Adriana Calcanhotto – Jazz Cafe, London (30th November 2019)

It is a windy night, in London, but not excessively icy. The glacial touch of December doesn’t seem to be approaching us, this year and very few people seem to be complaining about it. This dreadful emergency of global warming is a blessing in disguise when queueing at Jazz Cafe, (not even a joke, I know) one of London’s most iconic live music gigs. Schedule for the night is Adriana Calcanhotto, a legend of the MBP genre, the so-called popular music from Brazil. A refined mixture of samba, bossa nova, jazz, with audacious incursions in parallel territories such as funk, experimental, music for children or mere pop.

Now shes’s 54, touring with her latest record called Margem, the last chapter of a trilogy started off with the 1998 album Maritmo and followed up by Maré, a decade after. The episode was benignly received and consecrated a talent, tangled since forever with poetry, authoritative lyrics and transversal wanderings.

The night is introduced to an adored audience by Celeste Caramanna, a young Italian promise who astounds the gig with her firm voice climbing ageless classics picked from a popular yet recherché repertoire. Not bad at all for a starter that limbers the night up with a classy, gratifying act.

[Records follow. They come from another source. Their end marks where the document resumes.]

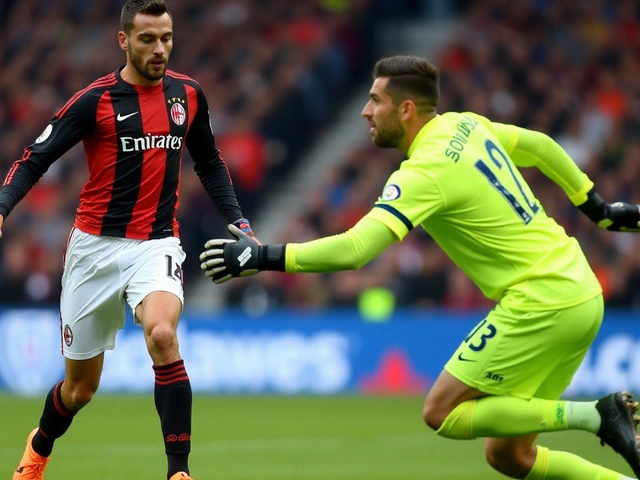AC Milan logra su tercera victoria consecutiva en la Champions League con triunfo 3-2 sobre Slovan Bratislava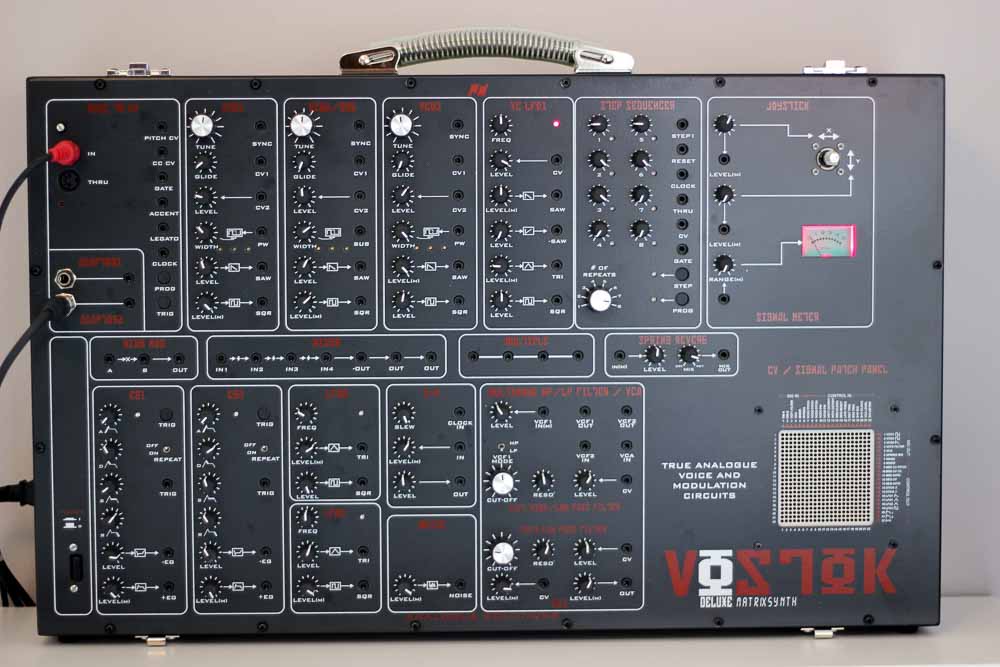 My Analogue Solutions Vostok Deluxe 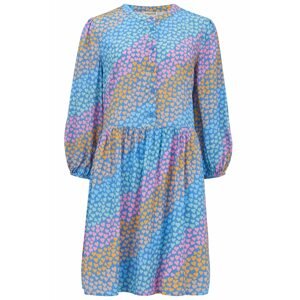 Sugarhill Brighton Košeľové šaty 'ASTRA SLIDING HEARTS '  modrá / zmiešané farby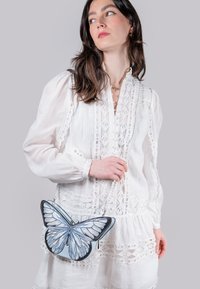 FABLE ENGLAND - Cross body bag - blue Thumbnail Image 1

With a slight delay from the times provided, Adriana gloriously appears in her sea-inspired dress made of nets and azure variations. The opening is entrusted to the high-spirited Porto alegre (Nos Braços de Calipso), a breezy track inspired by the myth of Ulysses, struck by the sirens chant. She is jaunty, delighted by the engaging vibe and clapping hands. Several blocks scream and it’s moving to see such a varicoloured fan base, crossing years and genders and orientations.

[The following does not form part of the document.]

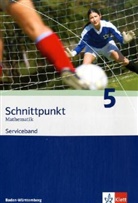 Raine Dedlmar, Ger Dermann, Roland u a Eberle, Matthias Dorn - Schnittpunkt Mathematik, Realschule Baden-Württemberg - Bd.5: Klasse 9, Serviceband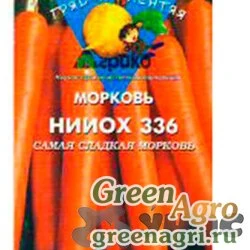 Семена пакетированные Морковь НИИОХ (ГЛ) Агрико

 Adriana herself, after all, is a rainbow spirit, who was married for many years, to the Brazilian Actor Suzana de Moraes, who died in 2015.

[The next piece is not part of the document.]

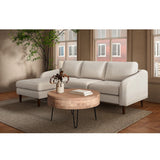 Modern European furniture - Fabric Sectional Sofa - www.oroa.com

And it’s immediately time for a powerful throwback: the gaúcha legend fearlessly jumps back in time with two evergreen cults from her previous records: Mais Feliz and Inverno, a surprising choice taken from the masterpiece A fábrica do poema. The crowd is ecstatic, three generations tag along with such a tiny, swanky London spot in praise of an artist of that level.

Few words are intoned by Adriana, and they are rigorously in English (It’s a real pleasure to be here tonight, You might think that I always say so- and I really do!) , and the next tracks are from the latest record: the fado-oriented Era pra ser (which would inevitably get in me into tears) and Dessa Vez, a metalinguistic scribble that sounds reverent out of her mouth, God-fearing and blissing.

Before venturing out in an intrepid Chico Buarque’s cover (Futuros Amantes), It’s time for another unfailing classic, readdressed with a special, march-inducing ending. Adriana never hesitates, and not just because she masters the stage with a surreal presence and unreal physique du rôle , but mostly because she does believe in every syllable she clearly articulates: poetry is a game of mirrors, reflecting each other’s depth whilst people are left careering off-course, enchant drunk.

Darkness in constantly chastened by the lightness of movement, her voice undulates through the acoustics, encircling the devoted crowd. More gets selected from the new work and Príncipe das mares and Tua pave the way to Maritmo, a golden gift who was handed over by  João Gilberto and Helio Eichbauer. A retribution delivered back with victorious personality: this minstrel  from Rio Grande do Sul, when officialy presenting her crew of impeccable musicians, blesses the audience by literally spraying water over them, accompanying it with powerful claims for respect and freedom (Let’s save the Amazon, she firmly demands).

This moderninst siren is left alone for couple of moments: she one-ups the stage and the spotlight is all for Mentiras, one of her best songs ever composed, extracted from the 1992 album Senhas. The atmosphere is unearthly beautiful but it’s just the lull before the storm. Margem’s best hits seal off an engaging triptych made of the first self-titled single, then Là Là Là and the funk-oriented Meu Bonde.

Before coming back for the encore, Mrs Calcanhotto recalibrates the balance with two more abiding tunes: Vambora and Esquadros, before returning one more time for the unmissable Fico Assim Sem Você and Maresia.

She has brought the house down, one more time, with the flying colours of her chameleonic, adorably risqué persona, with the candour of a woman who is undoubtedly the Patron Saint of all poets.